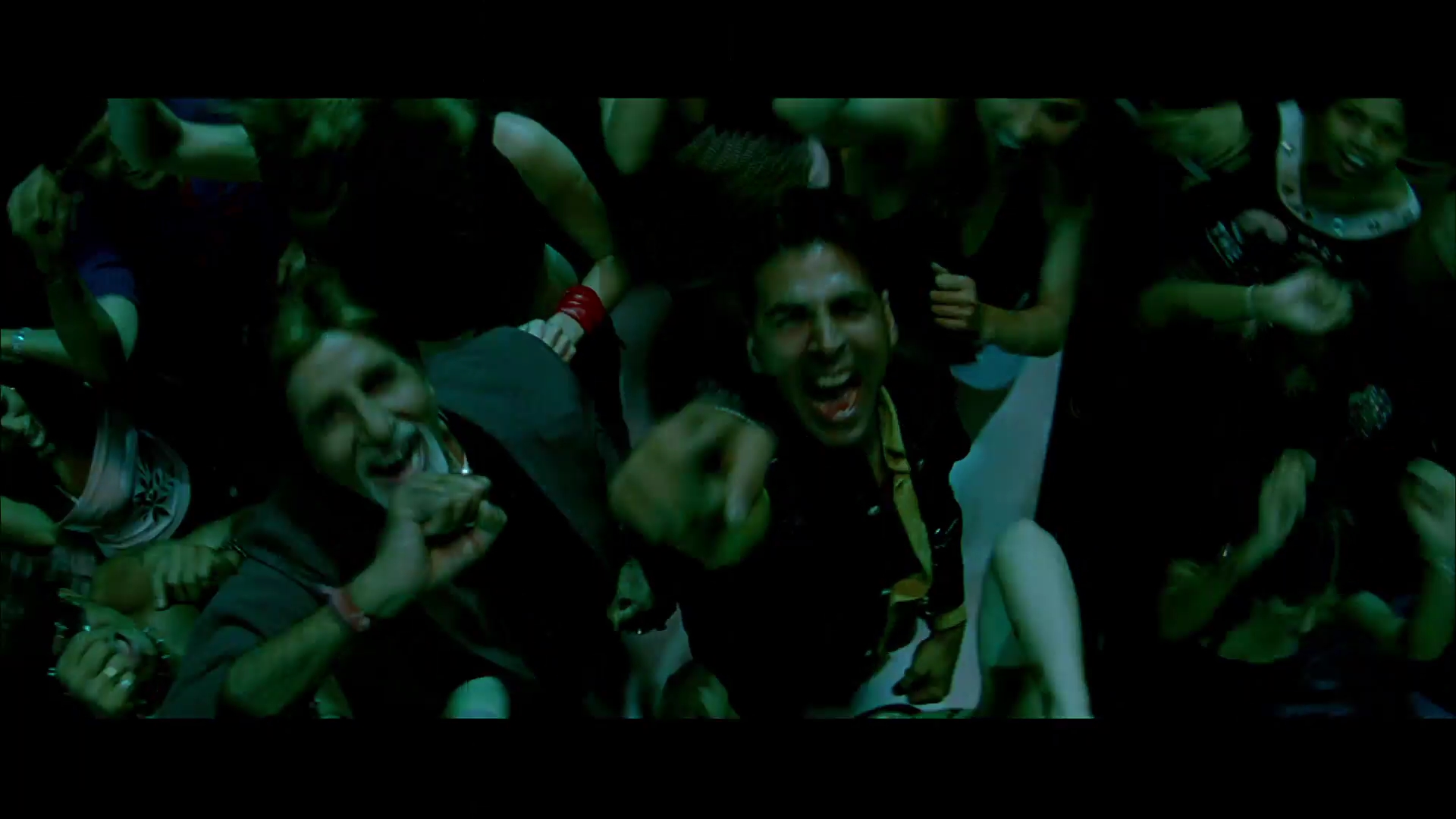 2005 - Waqt -2- Apne Jahanke_1080p_sub.mkv0618.jpg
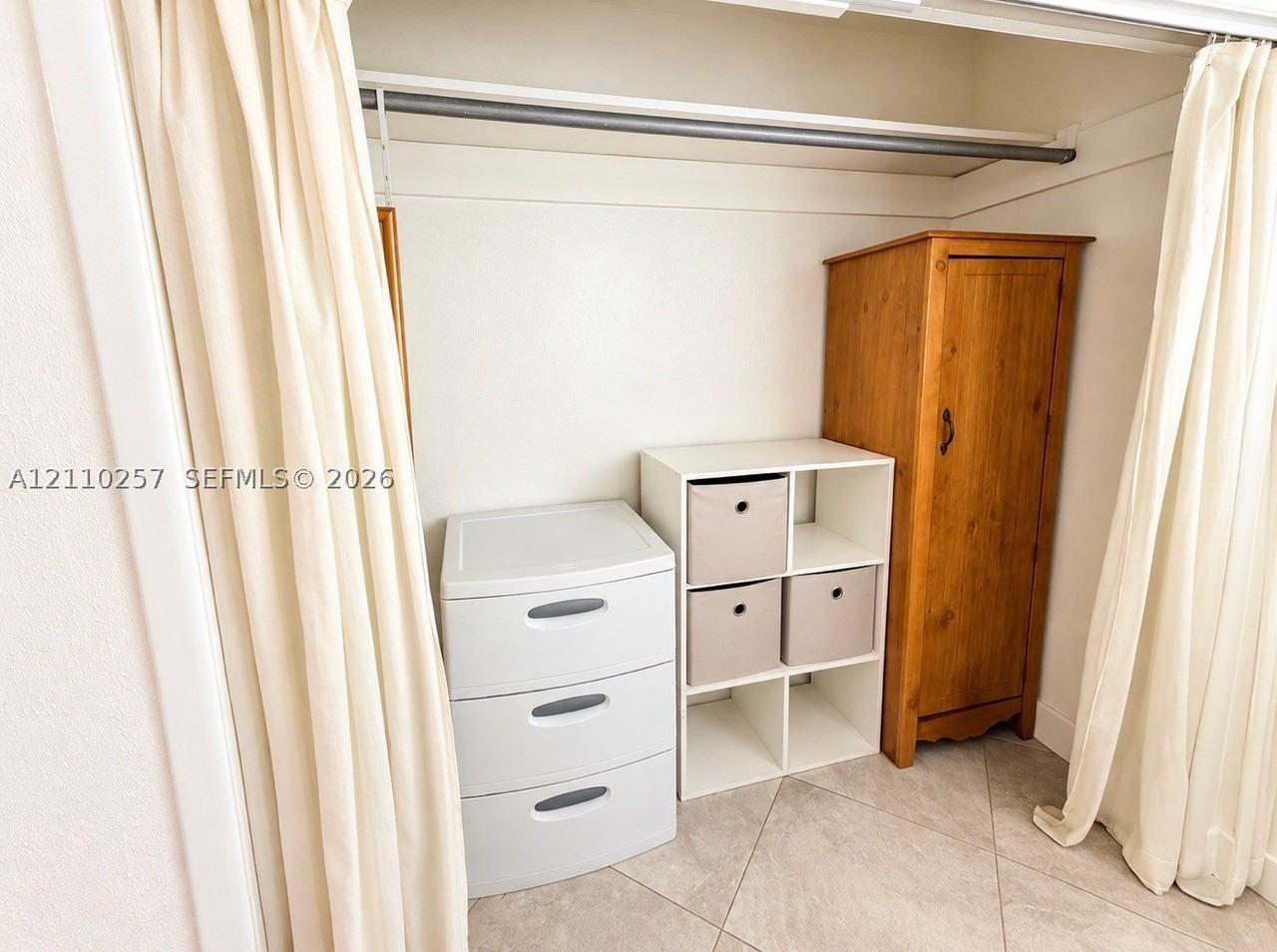 440 S Melrose Dr #1 - Photo 4 of 13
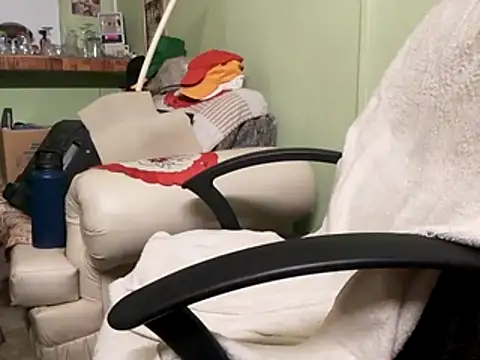 Snapshot of calme_odl1 chatting on January 19, 2:15 am calme odl1 online show from January 19, 2:15 am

Activity: The answer is to be the lines from the line that contains "440 S Melrose Dr #1 - Photo 4 of 13" through the last line of the material, retyped exactly, both included, with pictures left out, please.

Answer section:
 440 S Melrose Dr #1 - Photo 4 of 13
 Snapshot of calme_odl1 chatting on January 19, 2:15 am calme odl1 online show from January 19, 2:15 am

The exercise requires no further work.